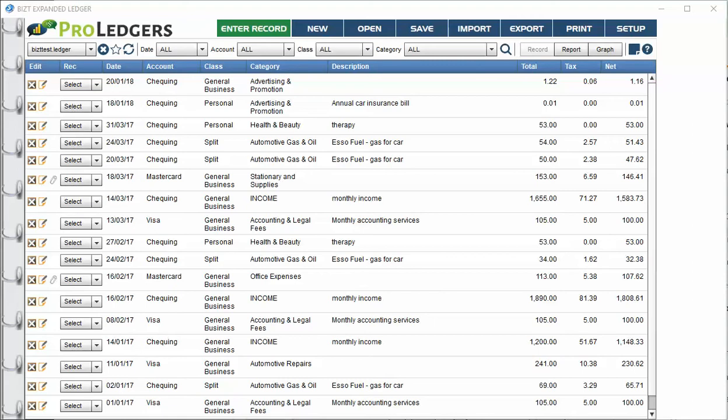The commission check from your broker is going to show gross commission, and then there's going to be various deductions that your broker takes, and then you're going to end up with your net amount. So the question becomes, do you record every line on the commission stub expense by expense, or do you just record the net that you received and then you're done?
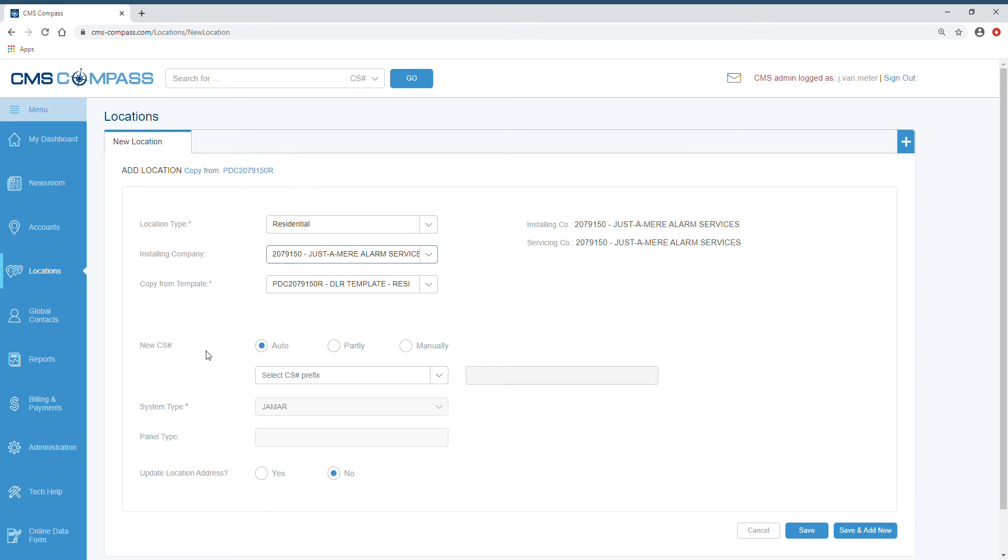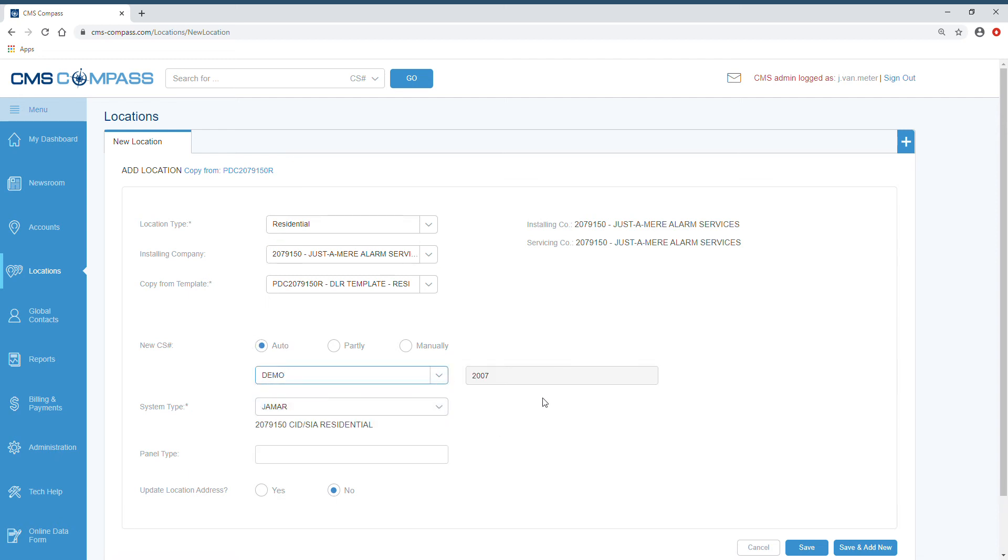If you wish Compass to automatically select the next available account number, leave this setting as auto. Select your prefix and Compass will select the next available account number in your prefix.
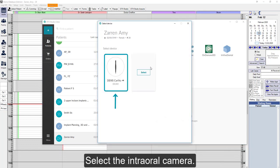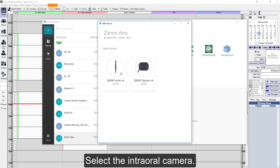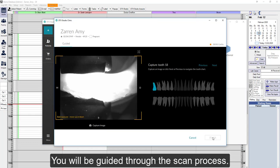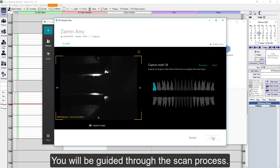Select the intraoral camera. The teeth you want to capture are selected. The software guides you through the scan process.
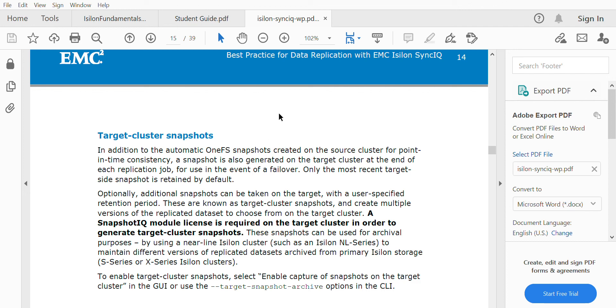That's it for the theory part. Let's get into the practicals and we'll see more on SyncIQ policy and SyncIQ jobs.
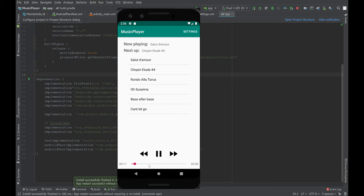You've got a progress bar. You can seek. Seeking works.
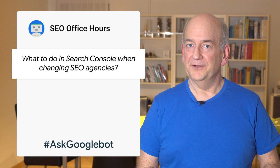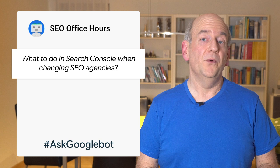Hi folks, and welcome back to Ask Googlebot. Today's question asks, what to do in Search Console when changing SEO agencies?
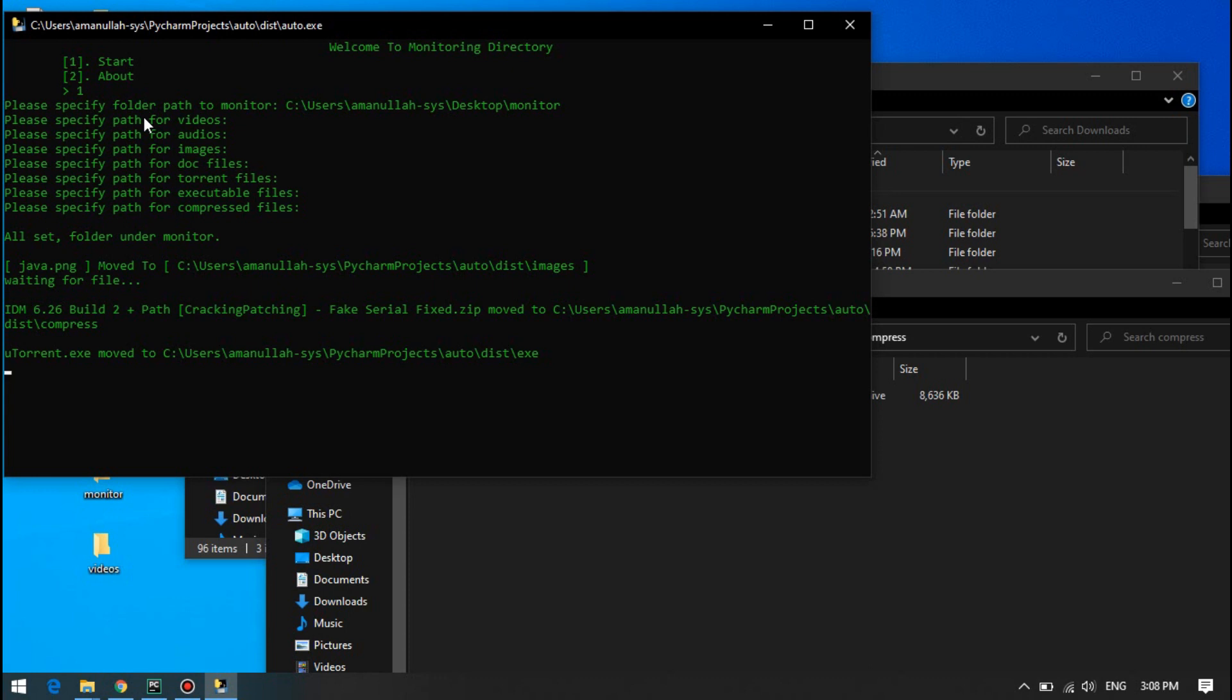And any other scripts like this that you want, I can make for you for free. That's it, thank you for watching and don't forget to like the video.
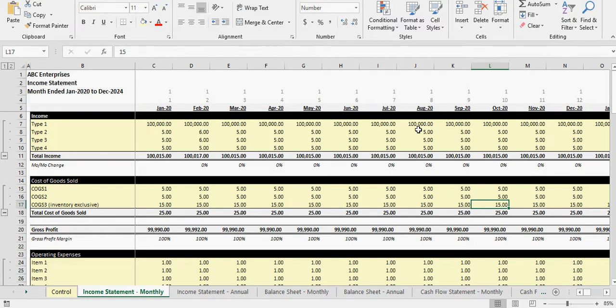What's going on guys, from smarthelping.com here. I've got a really cool update to the three-statement financial model. This template has had a lot of good traction, people are liking it, I'm seeing a lot of purchases. So what I'm going to do is I'm spending time here to add better inventory logic.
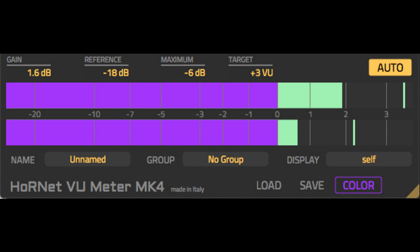Hornet updates VU Meter MK4 to version 4.2.4. Welcome to Music Gears where we bring you the latest info on new music instruments, software, and other gear from around the world.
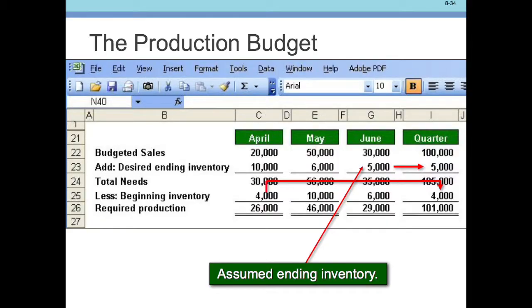Once you put this into a spreadsheet — and I'll show you how to do this on a spreadsheet — it will become a little bit easier to follow the math. You want to do this on a spreadsheet so that calculations will adjust automatically if you change your sales budget numbers. Now let's get through June. We see that there's 30,000 budgeted sales, a desired ending inventory of 5,000 based on July sales, and a beginning inventory of 6,000. So we have required production in June of 29,000.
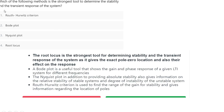The next question: which of the following methods is the strongest tool to determine the stability and transient response of a circuit? The answer is root locus. Root locus is the strongest tool for determining the stability and transient response of a system, as it gives the exact pole-zero locations and also their effect on the response. The correct option is root locus.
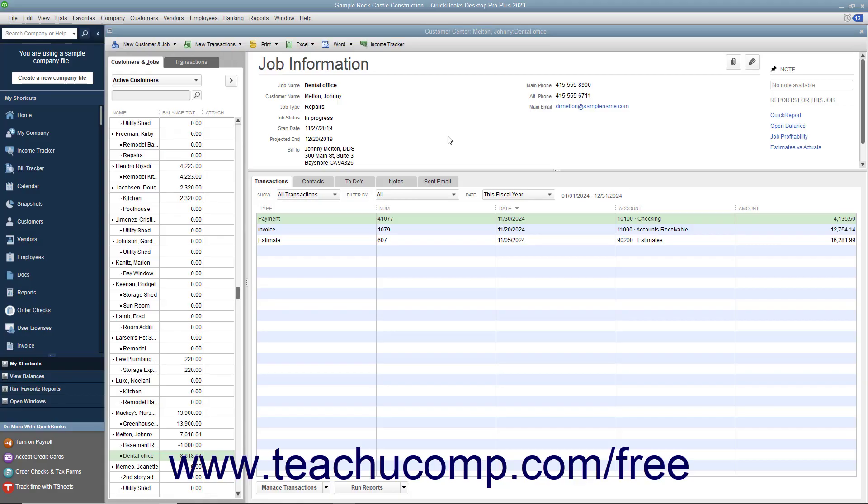While more complicated than the automatic transferring of job credits for a customer available in QuickBooks Desktop Pro 2019 or later, you can also manually transfer a credit between jobs if using QuickBooks Desktop Pro 2018 or earlier.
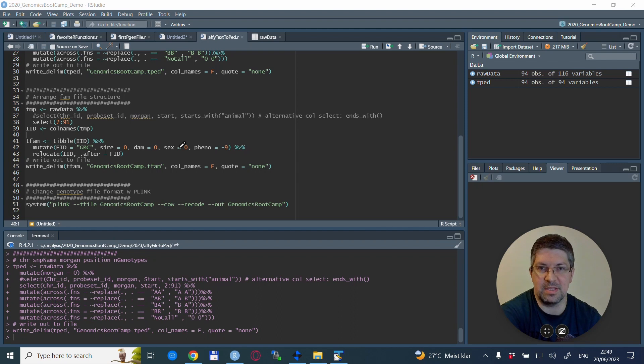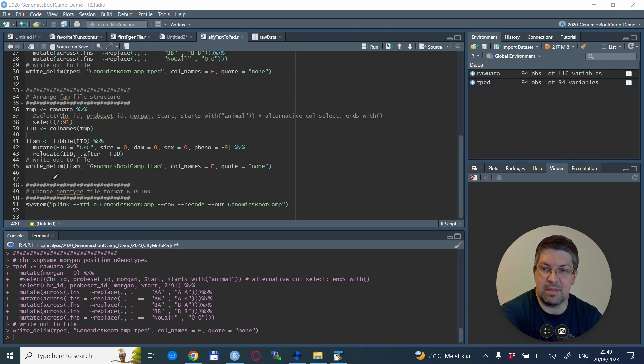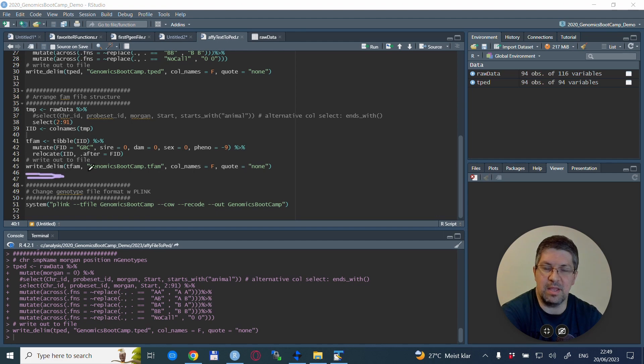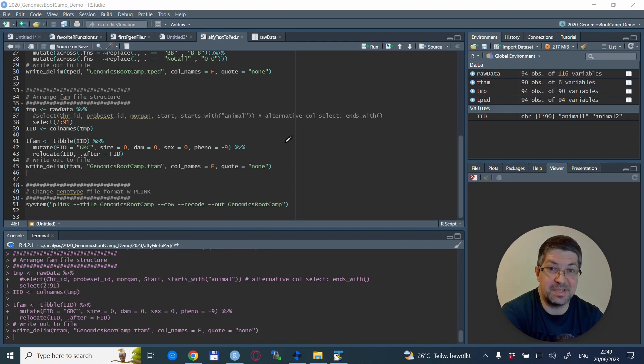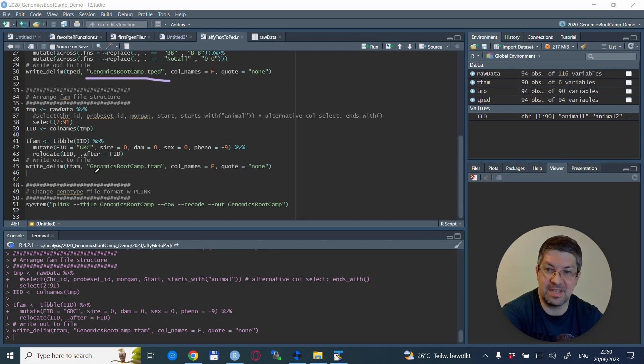And now, nothing else remains than to put together the fam file. So it starts with the family ID. In my case, I selected or opted for an expression GBC, but of course you can use any expression that you see fit. Then I define the sire as zero or unknown, dam as unknown, sex as unknown, and phenotype as unknown for this particular example. With a bit of rearrangement, there is now the setting that the IID goes after the FID, so we have the conventional structure of the fam file—that is, the family ID, individual ID, sire, dam, sex, and phenotype.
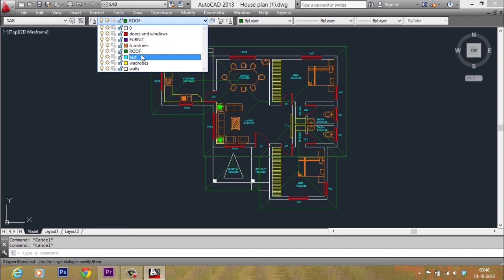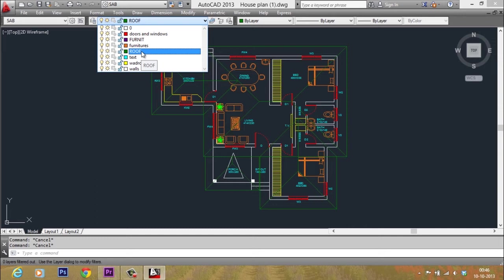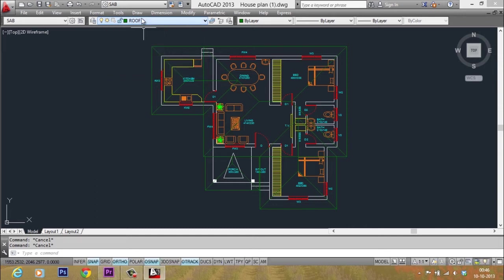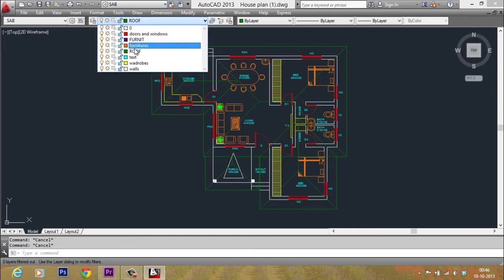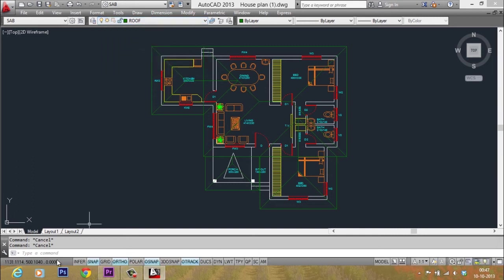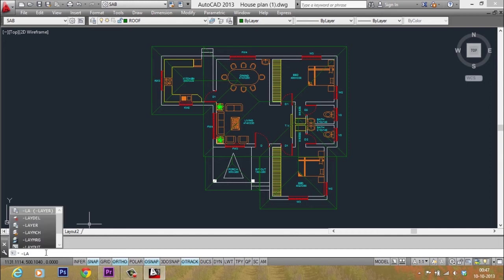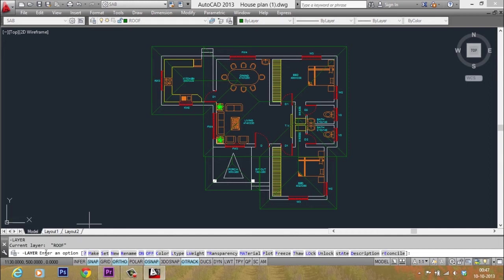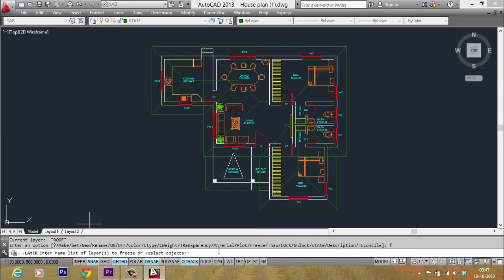Now, I want to retain only the roof layer and freeze the rest of the layers. So I can easily do that by keeping the roof layer as the current layer. Then I'll give the command hyphen LA. Hyphen LA will give you all the options which you get in the layer properties manager dialog box. And I actually want to freeze, so I'll give the letter F for freeze.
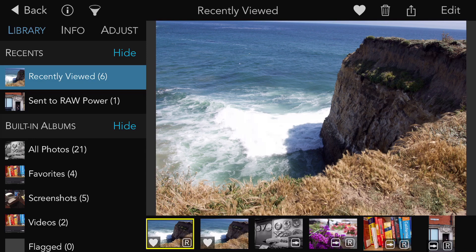The problem is that most of that extra data has to be manipulated in an editor to be useful. That's where apps like RAW Power come in. In this video, I'll show you how to recover highlights in RAW images using the tools in RAW Power. In a separate video, I will focus on shadow detail.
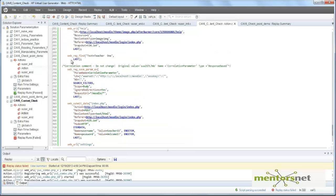In the next video, we are going to discuss the internals of web reg find and understand a little bit more about content checking. Thank you.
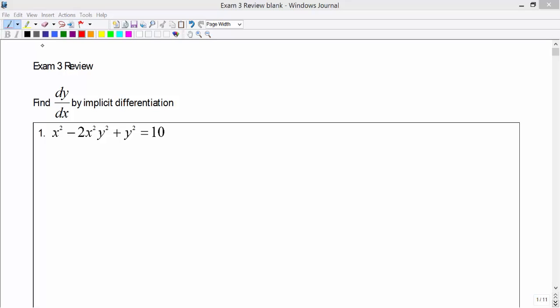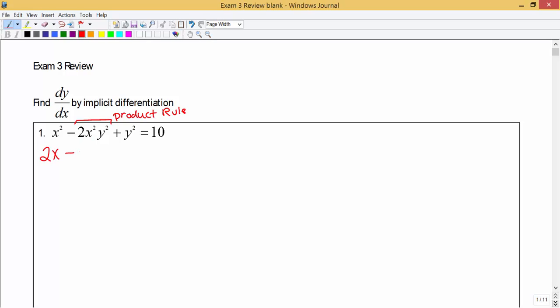For number one we're asked to find dy/dx by implicit differentiation. We have three terms here — we'll take the derivative of each term on the left side and then the one term on the right side. The derivative of the first term would be 2x, and for the second term we will need to use the product rule. I'm going to set aside the constant of minus 2 and focus on taking the derivative of x squared times y squared.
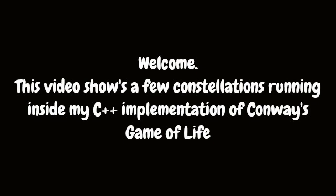Welcome. This video shows a few constellations running inside my C++ implementation of Conway's Game of Life.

════════

# [What you have to do]
Exclude the pictures. Write out the remaining data exactly.

# [Answer box]
The commission check from your broker is going to show gross commission, and then there's going to be various deductions that your broker takes, and then you're going to end up with your net amount. So the question becomes, do you record every line on the commission stub expense by expense, or do you just record the net that you received and then you're done?
If you wish Compass to automatically select the next available account number, leave this setting as auto. Select your prefix and Compass will select the next available account number in your prefix.
Select the intraoral camera. The teeth you want to capture are selected. The software guides you through the scan process.
That's it for the theory part. Let's get into the practicals and we'll see more on SyncIQ policy and SyncIQ jobs.
You've got a progress bar. You can seek. Seeking works.
Hi folks, and welcome back to Ask Googlebot. Today's question asks, what to do in Search Console when changing SEO agencies?
And any other scripts like this that you want, I can make for you for free. That's it, thank you for watching and don't forget to like the video.
What's going on guys, from smarthelping.com here. I've got a really cool update to the three-statement financial model. This template has had a lot of good traction, people are liking it, I'm seeing a lot of purchases. So what I'm going to do is I'm spending time here to add better inventory logic.
Hornet updates VU Meter MK4 to version 4.2.4. Welcome to Music Gears where we bring you the latest info on new music instruments, software, and other gear from around the world.
Once you put this into a spreadsheet — and I'll show you how to do this on a spreadsheet — it will become a little bit easier to follow the math. You want to do this on a spreadsheet so that calculations will adjust automatically if you change your sales budget numbers. Now let's get through June. We see that there's 30,000 budgeted sales, a desired ending inventory of 5,000 based on July sales, and a beginning inventory of 6,000. So we have required production in June of 29,000.
The next question: which of the following methods is the strongest tool to determine the stability and transient response of a circuit? The answer is root locus. Root locus is the strongest tool for determining the stability and transient response of a system, as it gives the exact pole-zero locations and also their effect on the response. The correct option is root locus.
While more complicated than the automatic transferring of job credits for a customer available in QuickBooks Desktop Pro 2019 or later, you can also manually transfer a credit between jobs if using QuickBooks Desktop Pro 2018 or earlier.
And now, nothing else remains than to put together the fam file. So it starts with the family ID. In my case, I selected or opted for an expression GBC, but of course you can use any expression that you see fit. Then I define the sire as zero or unknown, dam as unknown, sex as unknown, and phenotype as unknown for this particular example. With a bit of rearrangement, there is now the setting that the IID goes after the FID, so we have the conventional structure of the fam file—that is, the family ID, individual ID, sire, dam, sex, and phenotype.
Now, I want to retain only the roof layer and freeze the rest of the layers. So I can easily do that by keeping the roof layer as the current layer. Then I'll give the command hyphen LA. Hyphen LA will give you all the options which you get in the layer properties manager dialog box. And I actually want to freeze, so I'll give the letter F for freeze.
The problem is that most of that extra data has to be manipulated in an editor to be useful. That's where apps like RAW Power come in. In this video, I'll show you how to recover highlights in RAW images using the tools in RAW Power. In a separate video, I will focus on shadow detail.
In the next video, we are going to discuss the internals of web reg find and understand a little bit more about content checking. Thank you.
For number one we're asked to find dy/dx by implicit differentiation. We have three terms here — we'll take the derivative of each term on the left side and then the one term on the right side. The derivative of the first term would be 2x, and for the second term we will need to use the product rule. I'm going to set aside the constant of minus 2 and focus on taking the derivative of x squared times y squared.
Welcome. This video shows a few constellations running inside my C++ implementation of Conway's Game of Life.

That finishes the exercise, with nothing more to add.